Start of Exercise material
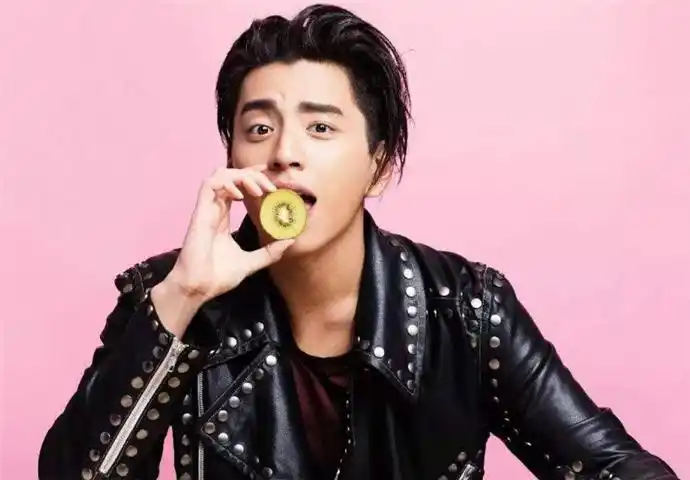 王大陆的嘴巴有多大 王大陆嘴巴真的能吃下小孩吗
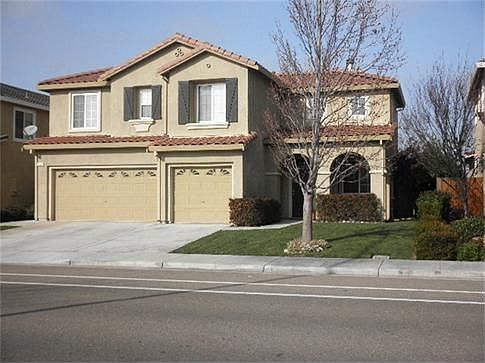 1st image of 2117 Golden Leaf Ln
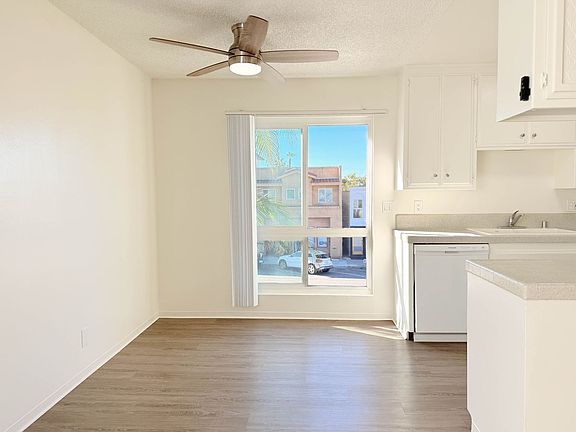 2nd image of 4736 Point Loma Ave #297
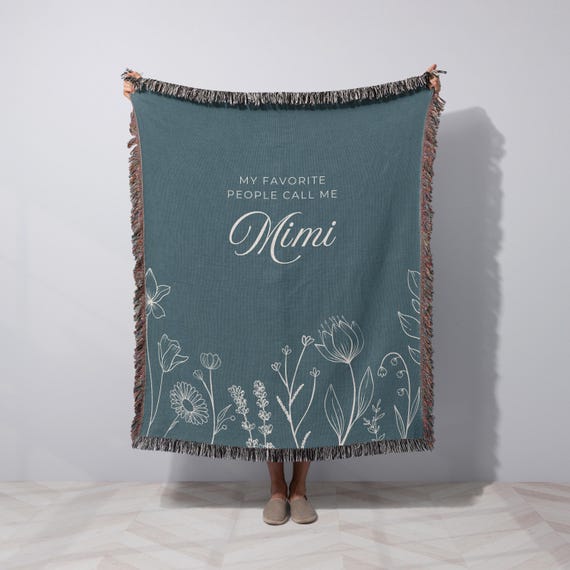 Personalized Blanket for Grandma Present Group Gift from Grandkids Floral Nana Woven Throw Unique Grandma Birthday Gift for Grandparent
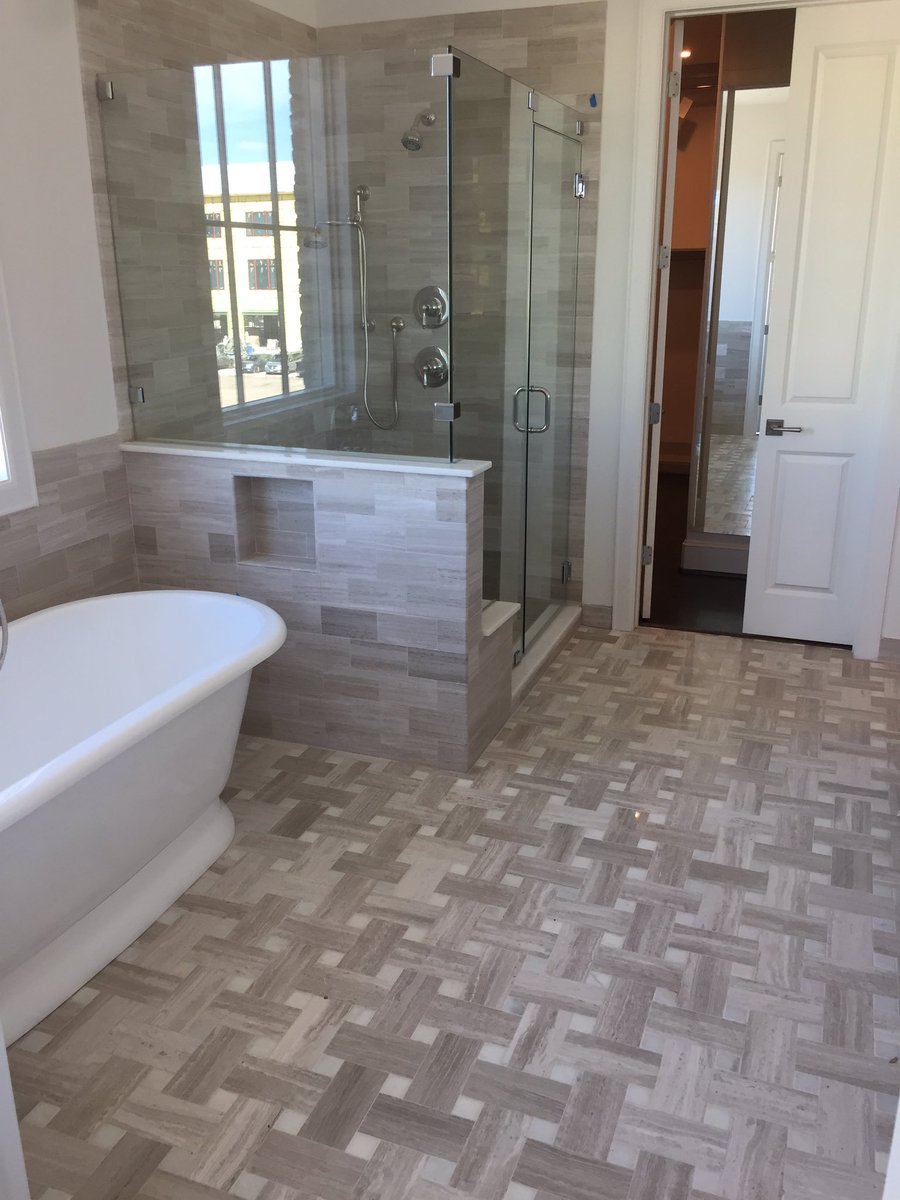 TotalFloorsHTX's tweet image. Just wrapped up this beautiful install.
End of Exercise material
### Your objective
Write the data out again exactly, but without its images.

### Answer box
 王大陆的嘴巴有多大 王大陆嘴巴真的能吃下小孩吗
 1st image of 2117 Golden Leaf Ln
 2nd image of 4736 Point Loma Ave #297
 Personalized Blanket for Grandma Present Group Gift from Grandkids Floral Nana Woven Throw Unique Grandma Birthday Gift for Grandparent
 TotalFloorsHTX's tweet image. Just wrapped up this beautiful install.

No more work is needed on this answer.